[CentOS] Re: Hot swap CPU -- "build" is not a good CPU benchmark

Bryan J. Smith <b.j.smith@ieee.org> thebs413 at earthlink.net
Fri Jul 1 00:33:43 UTC 2005


From: Peter Arremann <loony at loonybin.org>
> It is a valid benchmark though :-) compile speed is a actually a
> good measure for any integer app that is small enough to run in
> large cache... Image processing, oil companies for their simulations,
> cad... they all act very similar to compile benchmark - if a compile
> is twice as fast, a software image rendering is usually twice as fast
> too :-)

Now hold on.  Did I just here you state that the ALU is used for CAD,
and most scientific and engineering applications?

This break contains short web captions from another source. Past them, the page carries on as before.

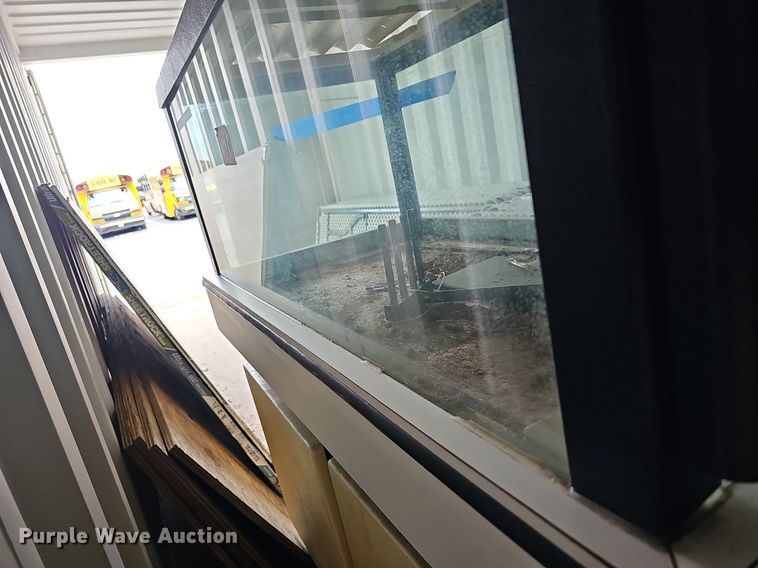 image for item NU9053 1997 Marineland Commercial Aquariums ML24SL   aquarium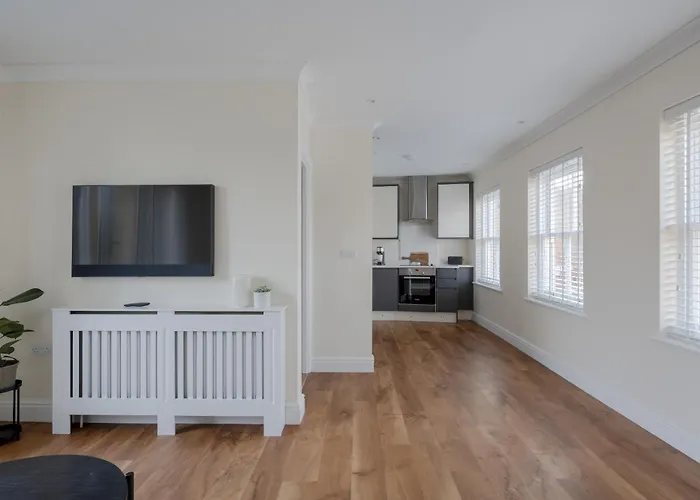 Modern 2 Bed Town House Quiet Street Near Station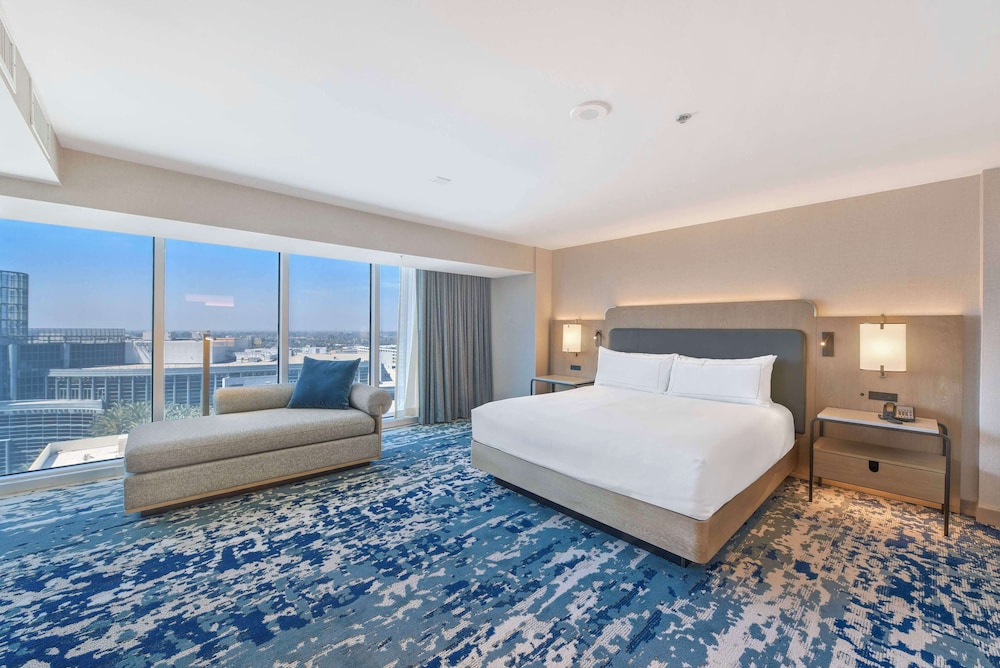 Hilton Anaheim — Hotel rooms in Anaheim, California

Now I'll grant you that _some_ image processing _can_ be 32/64-bit
integer transforms.  But most high-quality, 64-bit precise transforms
use the FPU.  Not even Intel's SSE (on the P3/P4) is good when you
need such precision.

In fact, I don't know how many times I've caught errors because
someone threw the "-O3" switch on "-march=p4".  You do _not_
want to use SSE for scientific computing -- it's for when you
want performance in exchange for loss of precision (let alone
accuracy).

> If you run databases or so, then yes, your comment is valid. 

Thank you.

> Fair enough :-) 

And people say *I* go off on tangents.

No offense, you were already in 2 posts before I even responded.
If you look at other threads, I'm typically responding "OT" after
2-3 people have done so, and I largely see an inaccuracy, or I
see a correction very much necessary.

[ My posts on that thread _prior_ had just been to inform people
that yes, there _were_ Xeon and Itanium systems with hot-swap
capability. ]

That's all I was trying to do in this case.  Not "prove you wrong."